原因は階段踊り場に使われていた木材の腐食か

4月17日、東京都八王子市でアパートの外階段が崩落、入居者が転落死するという痛ましい事故が発生した。

原因は、階段踊り場に使われていた木材の腐食と見られている。これにより、階段との接合部が重さに耐えられなくなり、ついには分離、落下したようだ。建物はまだ新しく、築8年。通常はありえない話だが、その後、これを建てた施工会社による人身を顧みないずさんな仕事ぶりが、現場での調査や元社員の証言などにより、次々と明らかになってきている。

【参考記事】八王子・アパート外階段崩落事件のその後 尊い命と引き換えに制度は一歩前進

防水加工がされていなかった

国土交通省が急遽集計したところによれば、この会社が手掛けた同様の外階段付き集合住宅は、2010年4月以降に完成した分で、東京都内および神奈川県内に166棟存在する。そのうちのいくつかには、やはり八王子の物件同様、外階段まわりの腐食などが見つかっている。加えて、一部報道によれば、八王子の物件の階段踊り場については、設計上、腐食を防ぐために防水加工されるはずがされておらず、現場従業員がそれを指摘したところ、会社は無視したという。

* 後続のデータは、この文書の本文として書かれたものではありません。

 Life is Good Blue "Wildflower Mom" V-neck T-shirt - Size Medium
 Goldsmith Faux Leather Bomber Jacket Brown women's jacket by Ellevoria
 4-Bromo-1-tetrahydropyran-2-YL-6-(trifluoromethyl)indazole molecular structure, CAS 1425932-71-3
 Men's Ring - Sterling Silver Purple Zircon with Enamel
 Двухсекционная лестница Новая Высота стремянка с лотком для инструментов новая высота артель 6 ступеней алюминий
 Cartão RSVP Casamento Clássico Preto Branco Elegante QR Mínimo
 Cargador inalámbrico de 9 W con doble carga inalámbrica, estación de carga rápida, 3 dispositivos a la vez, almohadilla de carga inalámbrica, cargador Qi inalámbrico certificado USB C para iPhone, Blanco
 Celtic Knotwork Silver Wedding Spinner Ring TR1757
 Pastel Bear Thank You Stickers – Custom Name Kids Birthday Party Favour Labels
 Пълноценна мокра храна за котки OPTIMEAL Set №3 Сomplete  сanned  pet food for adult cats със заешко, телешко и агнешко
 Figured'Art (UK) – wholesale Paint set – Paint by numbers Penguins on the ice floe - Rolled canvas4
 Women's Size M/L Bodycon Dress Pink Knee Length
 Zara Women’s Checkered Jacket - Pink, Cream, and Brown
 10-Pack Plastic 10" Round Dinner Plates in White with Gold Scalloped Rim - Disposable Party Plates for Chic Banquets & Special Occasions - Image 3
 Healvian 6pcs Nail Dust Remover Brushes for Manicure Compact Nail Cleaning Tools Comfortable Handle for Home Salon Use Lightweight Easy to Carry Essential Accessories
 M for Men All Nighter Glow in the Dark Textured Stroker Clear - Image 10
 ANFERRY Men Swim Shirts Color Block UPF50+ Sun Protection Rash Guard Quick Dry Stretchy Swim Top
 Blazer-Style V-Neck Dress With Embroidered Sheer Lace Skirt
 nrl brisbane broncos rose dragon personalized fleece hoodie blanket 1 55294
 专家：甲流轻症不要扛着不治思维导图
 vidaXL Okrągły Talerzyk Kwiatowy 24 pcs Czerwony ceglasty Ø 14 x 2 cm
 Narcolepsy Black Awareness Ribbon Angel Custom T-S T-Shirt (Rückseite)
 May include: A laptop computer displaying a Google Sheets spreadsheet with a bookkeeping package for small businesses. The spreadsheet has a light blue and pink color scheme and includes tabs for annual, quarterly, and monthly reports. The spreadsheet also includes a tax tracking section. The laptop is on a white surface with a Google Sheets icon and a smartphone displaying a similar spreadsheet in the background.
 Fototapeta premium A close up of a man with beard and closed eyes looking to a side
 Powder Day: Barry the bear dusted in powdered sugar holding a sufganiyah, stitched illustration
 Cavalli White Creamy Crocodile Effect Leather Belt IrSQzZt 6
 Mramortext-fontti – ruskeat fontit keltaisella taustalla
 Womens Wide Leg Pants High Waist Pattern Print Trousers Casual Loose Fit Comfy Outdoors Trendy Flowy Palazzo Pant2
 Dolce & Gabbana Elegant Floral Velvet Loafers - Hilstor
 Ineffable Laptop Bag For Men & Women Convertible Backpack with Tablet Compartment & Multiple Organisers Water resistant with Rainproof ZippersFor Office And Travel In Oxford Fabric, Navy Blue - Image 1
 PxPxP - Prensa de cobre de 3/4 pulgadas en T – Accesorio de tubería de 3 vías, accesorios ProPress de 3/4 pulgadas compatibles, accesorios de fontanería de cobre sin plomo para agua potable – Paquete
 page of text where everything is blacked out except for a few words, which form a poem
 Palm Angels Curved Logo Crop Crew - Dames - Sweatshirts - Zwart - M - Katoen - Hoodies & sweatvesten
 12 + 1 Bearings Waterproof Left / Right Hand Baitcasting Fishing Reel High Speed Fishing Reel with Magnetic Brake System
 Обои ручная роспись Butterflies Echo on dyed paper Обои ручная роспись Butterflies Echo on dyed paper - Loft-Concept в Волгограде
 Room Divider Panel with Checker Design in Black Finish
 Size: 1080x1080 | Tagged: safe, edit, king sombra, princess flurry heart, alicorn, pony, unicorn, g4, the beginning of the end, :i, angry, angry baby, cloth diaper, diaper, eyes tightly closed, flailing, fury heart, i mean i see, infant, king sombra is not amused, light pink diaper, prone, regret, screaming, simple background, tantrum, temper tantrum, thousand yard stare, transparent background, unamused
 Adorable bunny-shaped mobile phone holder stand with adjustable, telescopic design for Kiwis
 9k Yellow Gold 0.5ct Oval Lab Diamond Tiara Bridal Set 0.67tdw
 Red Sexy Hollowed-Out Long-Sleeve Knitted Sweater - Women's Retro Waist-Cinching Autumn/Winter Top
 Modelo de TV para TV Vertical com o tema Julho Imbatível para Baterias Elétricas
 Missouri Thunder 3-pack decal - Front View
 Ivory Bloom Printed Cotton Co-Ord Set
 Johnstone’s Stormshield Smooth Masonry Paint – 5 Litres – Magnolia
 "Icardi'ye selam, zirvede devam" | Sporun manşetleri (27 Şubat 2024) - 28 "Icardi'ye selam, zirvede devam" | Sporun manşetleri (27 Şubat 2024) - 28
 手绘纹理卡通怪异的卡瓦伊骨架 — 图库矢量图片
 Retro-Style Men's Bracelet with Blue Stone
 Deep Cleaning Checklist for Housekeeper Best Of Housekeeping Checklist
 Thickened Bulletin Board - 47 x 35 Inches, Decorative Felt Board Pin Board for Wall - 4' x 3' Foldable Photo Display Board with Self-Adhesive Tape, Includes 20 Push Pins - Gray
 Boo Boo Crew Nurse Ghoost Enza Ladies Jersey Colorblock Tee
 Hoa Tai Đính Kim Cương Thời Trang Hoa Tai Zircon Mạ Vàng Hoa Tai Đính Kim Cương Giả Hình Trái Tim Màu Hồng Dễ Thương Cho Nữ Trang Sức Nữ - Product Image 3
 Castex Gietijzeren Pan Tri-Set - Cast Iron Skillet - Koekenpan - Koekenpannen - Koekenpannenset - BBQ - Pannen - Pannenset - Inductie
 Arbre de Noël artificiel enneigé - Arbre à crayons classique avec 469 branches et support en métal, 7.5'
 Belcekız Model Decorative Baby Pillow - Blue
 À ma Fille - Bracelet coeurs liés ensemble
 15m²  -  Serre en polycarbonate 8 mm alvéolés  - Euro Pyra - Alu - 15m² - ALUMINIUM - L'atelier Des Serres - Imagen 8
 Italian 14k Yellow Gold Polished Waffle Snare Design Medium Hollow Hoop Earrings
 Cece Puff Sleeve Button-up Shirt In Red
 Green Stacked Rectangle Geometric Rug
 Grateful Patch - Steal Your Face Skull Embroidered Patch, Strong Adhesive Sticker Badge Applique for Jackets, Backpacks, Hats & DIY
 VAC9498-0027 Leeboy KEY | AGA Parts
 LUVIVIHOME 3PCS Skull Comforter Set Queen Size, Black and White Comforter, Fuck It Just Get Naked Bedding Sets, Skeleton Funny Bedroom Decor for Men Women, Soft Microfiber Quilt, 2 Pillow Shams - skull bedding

なぜ、そうした判断が押し通され、人命を奪うほどの危険が潜むアパートが建てられ、運用に至ったのか。今後、この事件は、各物件のオーナーや入居者、管理会社、設計者、工事監理者、さらには指定確認検査機関をも広く巻き込んだ、大型の騒動に発展していきそうな気配だ。

当の施工会社は早々に破産申請

そんな中、当の施工会社は、5月13日、横浜地裁にあてて早々に破産を申請している。信用調査会社の速報によれば、負債総額は4億418万円。近年、同社は資金繰りを悪化させており、20年には、取引先への報酬未払などで訴訟も抱えていたという。すると、この間、ずさんな仕事ぶりがますますエスカレートしていなかったか、築2~3年を下回るような新品物件のオーナーも、いまや気が気ではないだろう。

今回漏れてきている証言の中には、会社側が、「どうせいい加減な建物を建てても、賃貸では建築主(オーナー)はそこに住まないのだから分からない」というものもある。これが事実であるとすれば、入居者、オーナーにとってはとんでもない話だ。